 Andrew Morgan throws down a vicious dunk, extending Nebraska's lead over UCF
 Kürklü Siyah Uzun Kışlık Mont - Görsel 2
==============================
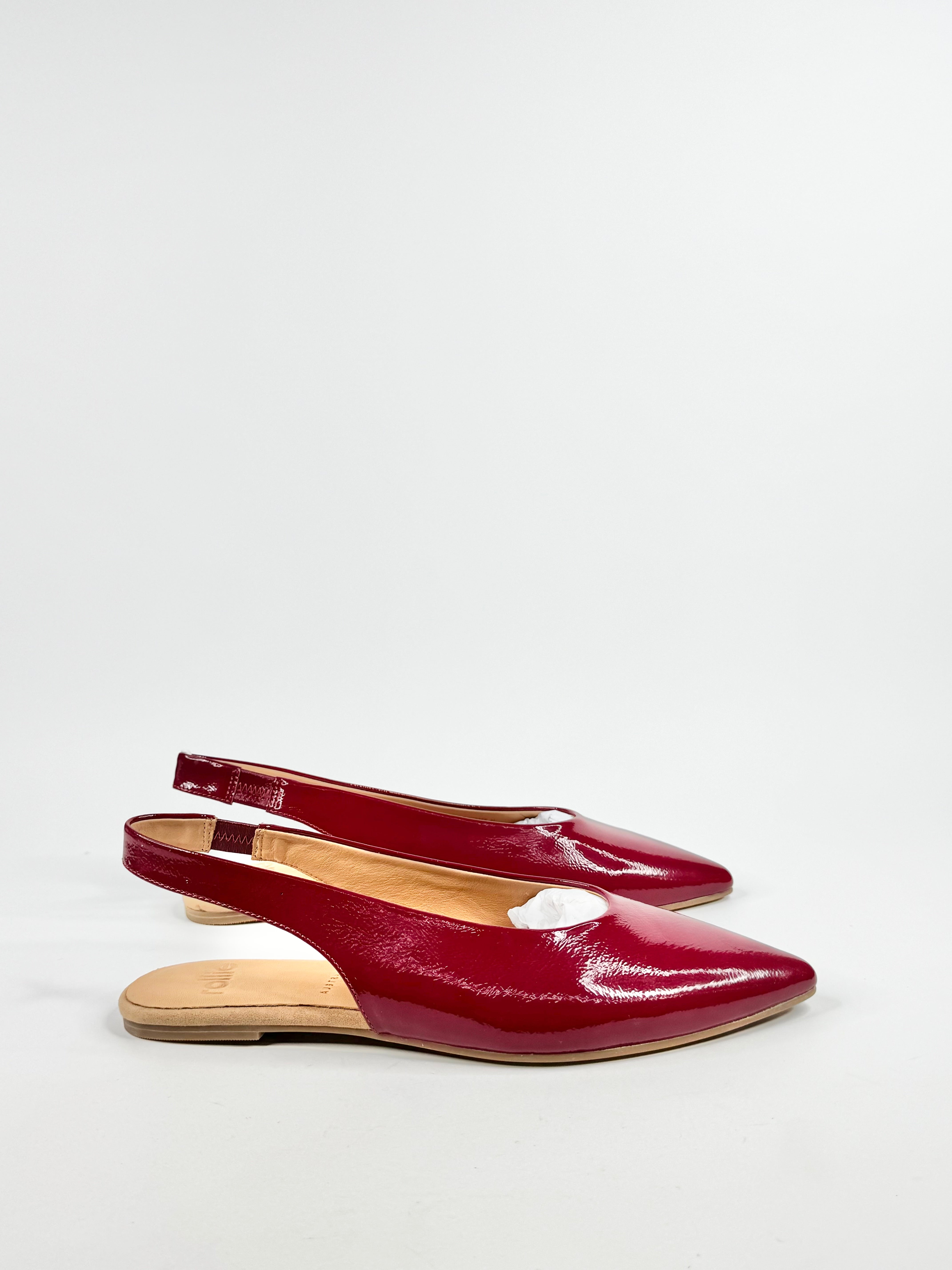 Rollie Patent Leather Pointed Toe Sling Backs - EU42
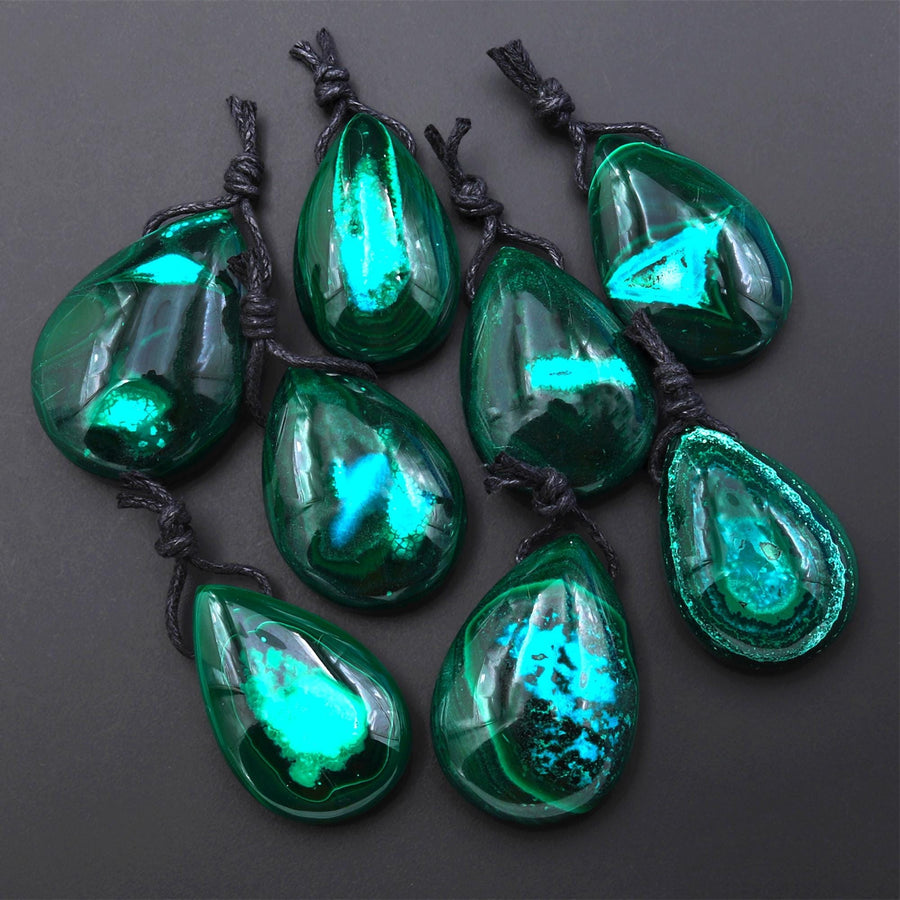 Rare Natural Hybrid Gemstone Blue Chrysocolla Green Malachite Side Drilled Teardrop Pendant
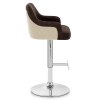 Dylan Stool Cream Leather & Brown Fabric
==============================
• Exercise aim: Please copy the lines above exactly, starting at the line that holds "Rare Natural Hybrid" and ending at the line that holds "Dylan Stool Cream Leather & Brown Fabric"; include both, but no pictures.

• Task answer:
 Rare Natural Hybrid Gemstone Blue Chrysocolla Green Malachite Side Drilled Teardrop Pendant
 Dylan Stool Cream Leather & Brown Fabric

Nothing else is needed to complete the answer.